JDK-8202273 : [AOT] Graal does not support the CMS collector
Type:Bug
Component:hotspot
Sub-Component:compiler
Affected Version:11
Priority:P2
Status:Closed
Resolution:Fixed
Submitted:2018-04-25
Updated:2018-08-16
Resolved:2018-04-27
The Version table provides details related to the release that this issue/RFE will be addressed.
Unresolved : Release in which this issue/RFE will be addressed. Resolved: Release in which this issue/RFE has been resolved. Fixed : Release in which this issue/RFE has been fixed. The release containing this fix may be available for download as an Early Access Release or a General Availability Release.
There are about 60 tests failing in the nightly saying: Exception: org.graalvm.compiler.debug.GraalError: Graal does not support the CMS collector
Comments
Yes, we could.
02-05-2018
[~kvn] maybe it would make sense to run hs-tier3 for the "Update Graal" issues?
02-05-2018
We do our usual hs-tier, hs-tier2 testing and hs-precheckin-comp.js (-Xcomp).
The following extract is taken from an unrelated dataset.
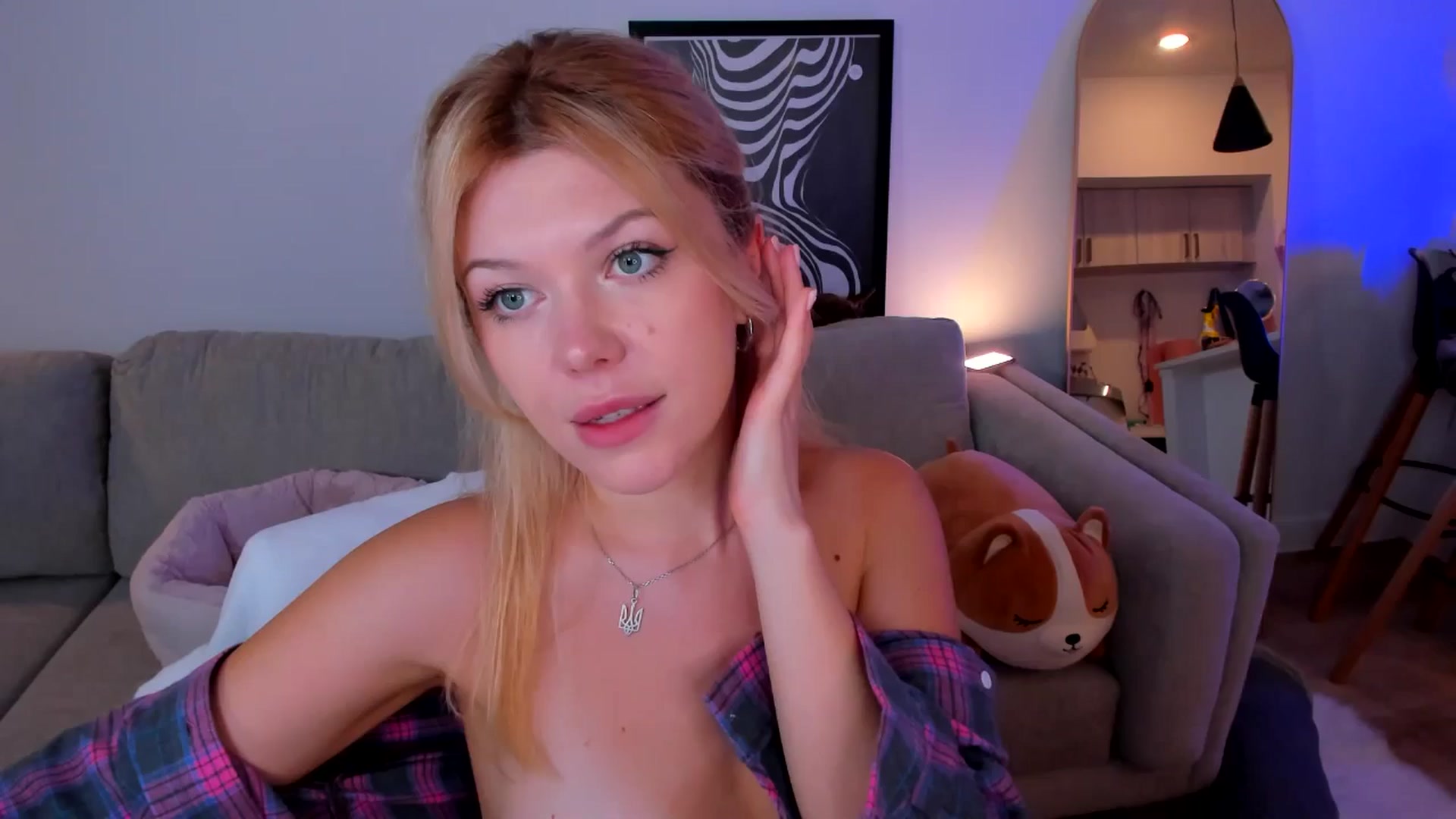 Gallery image thumbnail from Just_Vi's myfreecams stream on, 07/20/2025, 08:58 image 9 of 20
We do not run Tier3 or later.
27-04-2018
Added link to Graal update (JDK-8199755) that Vladimir identified as introducing the test failures.
Update: I would normally add the 'regression' label because we went
from passing tests to failing tests, but it seems that this might simply
be a case of mismatched expectations.
[~jwilhelm] - I'll leave adding the 'regression' label up to you.
27-04-2018
ILW = Tests fail because AOT/Graal does not support CMS collector, AOT and JVMCI tests, no workaround = MHH = P2
27-04-2018
open part:
http://cr.openjdk.java.net/~kvn/8202273/webrev.00/
27-04-2018
From hs-tier3 and hs-tier6 which run with CMS I got all 53 AOT tests failed. There are few unrelated failures in jdk_management.
26-04-2018
This bug fix only exclude compiler/aot and compiler/jvmci tests run with CMS.
26-04-2018
Graal issue will be fixed with JDK-8184349 changes by switching off JVMCI for GC which it does not support.
26-04-2018
Please problemlist the tests or fix this issue today, or back out JDK-8199755. These failures pollutes the nightlies and makes it difficult to see if there are other "real" failures.
26-04-2018
I wasn't quite sure what problems we still had outstanding with CMS when it was disabled. We identified a problem with vector operations missing card marks that wasn't showing up in the default collector a while back and I kind of assumed that it was the cause of the last CMS failures we were seeing. Do we actually have outstanding CMS issues that haven't been fixed?
25-04-2018
I don't think normal allocations from a TLAB are any different. CMS uses ParNew as a young gen collector, which is fairly standard. What's tricky about CMS is how the objects are formed in the old gen. If marking is in progress, the objects have to be concurrently parsable. May be that was the problem?
G1 doesn't have anything like that, since it won't mark through objects that were allocated after the marking has started (it's SATB). ZGC is substantially more tricker in how it deals with references in general and is also single-generation.
25-04-2018
Yes, that would be preferable.
25-04-2018
Okay, may be it is simpler to change our testing definitions to not run AOT and Graal with CMS.
Note, AOT never supported CMS and is not planning.
25-04-2018
I cannot reverse the change without investigating and fixing Graal support for CMS. From [~never]:
"If I had to guess what's wrong I'd suspect that our group allocation doesn't play well with concurrent scanning. Doesn't our group allocation code assume that the space we're filling in comes from eden so it doesn't need any card marks? I think CMS will perform free list allocation which would violate this assumption. We probably need to write dirty cards for the whole allocation to make sure it's rescanned properly. I also suspect that our carving up of a single allocation into multiple objects also doesn't play well with concurrent scanning. Long ago I'd discussed group allocation with a CMS guy who is no longer here and the conclusion was that you'd need to make it look like a primitive array first, then fill everything in apart from the klass of the first object and then write the first klass and dirty all the cards to get it rescanned. Is that something we'll need to worry about with G1 or ZGC?"
[~never], [~gdub], if the above assumption about group/bulk allocation playing badly with CMS is true, then could we simply disable this optimization if CMS is enabled?
25-04-2018
[~dnsimon] Doug, can you reverse change with disable CMS support?
25-04-2018
The problem is caused by recent Graal update JDK-8199755 which included next change:
[GR-6791] Prevent use of Graal with CMS collector.
25-04-2018
Please note that Oracle does still support CMS.
25-04-2018
Failed tests are AOT tests which uses Graal. We should exclude AOT tests and Graal as JIT when run with CMS.
25-04-2018
Note, these are regular hotspot compiler tests which started to fail with CMS.
Are there any recent changes which caused this?
25-04-2018
Since Oracle does not support CMS why we are testing with it?